Location: Ulster Folk Museum / Rural Area / 52. Hand and Pen Orange Hall
This is an original building.
The Orange hall was built in 1884 and came from the townland of Corbeg, Silverstream, County Monaghan. It was dismantled and moved to the Folk Museum in 1995.
The hall was built on land provided by Mr Wilfred Garland, a local farmer. His farm was known locally as the ‘Hand and Pen’ farm. This distinctive name comes from an old shop which once stood on the spot and had a painted sigh showing a hand holding a quill pen writing in a ledger.
This small country hall was used by the Hand and Pen LOL (Loyal Orange Lodge) no. 597 for its monthly meetings and social events.
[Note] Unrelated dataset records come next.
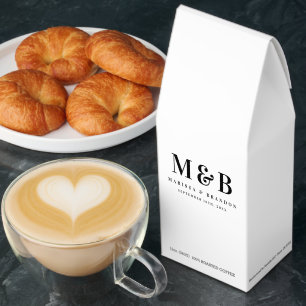 Custom Couple Wedding Monogram Initials Favor Roasted Coffee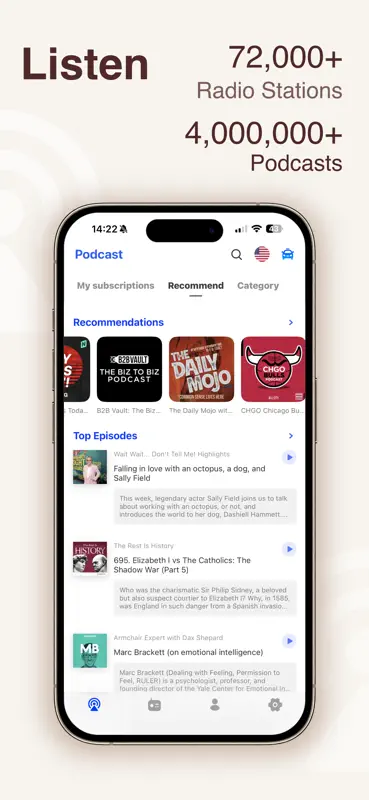Podcasts Music Radio FM: Podio screenshot 1 of 7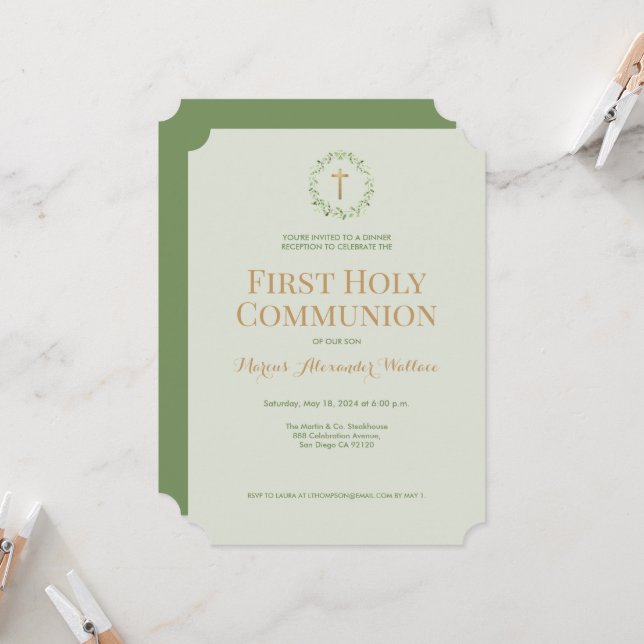 Convite Sage Green Wreath Cross Boy First sagrada comunhão (Frente/Verso In Situ)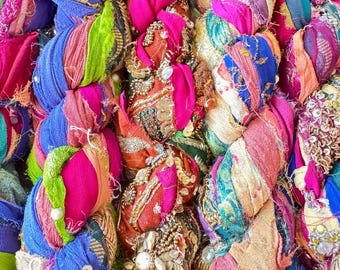 Embroidered Sari Silk Ribbon: Multicolor Chiffon with Sequins, Fiber Arts, 100g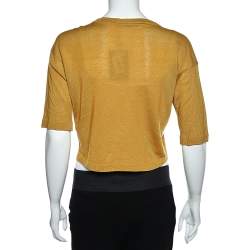 Weekend Max Mara Mustard Yellow Silk & Linen Cropped Cardigan L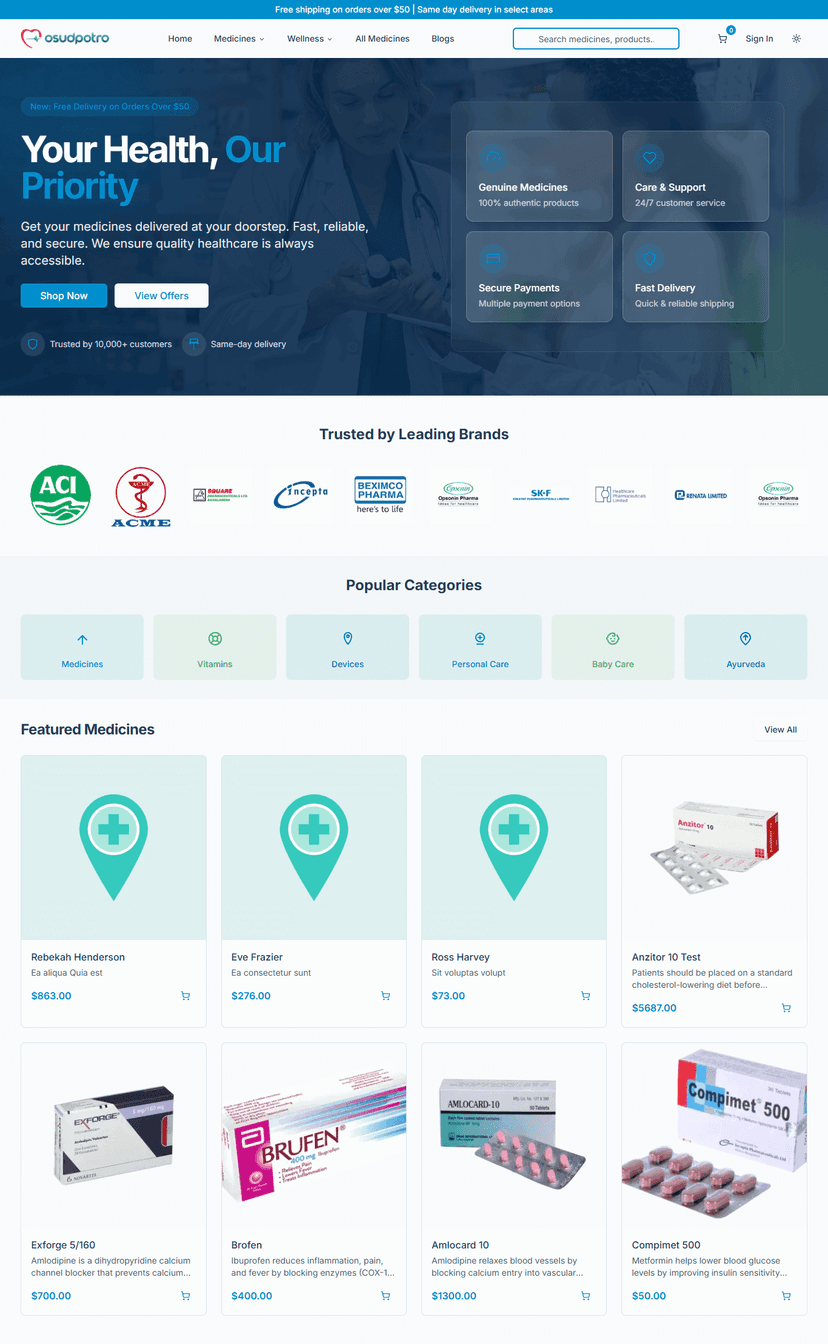 OsudPotro - Medicine E-Commerce shop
Although the lodge had been in existence from at least 1843, the hall was constructed in 1884 as shown on the date stone on the hall’s front gable. The hall’s layout is typical of small country Orange Halls of the period.
The hall was also used for social occasions such as dances and evenings gatherings. After the annual 12th July parade the lodge members were usually treated to a dinner and perhaps a dance.
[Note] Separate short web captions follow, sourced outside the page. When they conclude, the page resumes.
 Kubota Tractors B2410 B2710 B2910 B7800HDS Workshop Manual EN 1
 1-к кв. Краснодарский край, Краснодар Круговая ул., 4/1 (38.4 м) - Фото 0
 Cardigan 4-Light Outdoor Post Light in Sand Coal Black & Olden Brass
On the 12th July 1931, the Orangemen of the county assembled in Monaghan for the annual parade. It was the last they were to hold in the county. As a result of IRA opposition to the Orange order in August of that year, no marches were held in Counties Monaghan and Cavan after 1931.
In the early 1900s the Hen and Pen lodge had about sixty members on its roll. By the 1980s only a handful of members remained due to Protestant migration from the county.
The hall was donated to the museum in 1989. The donation letter was signed by the Lodge Master and County Grand Master.
Look at the simple nature of the furnishings and layout of the hall is similar to many other rural Orange halls in rural areas.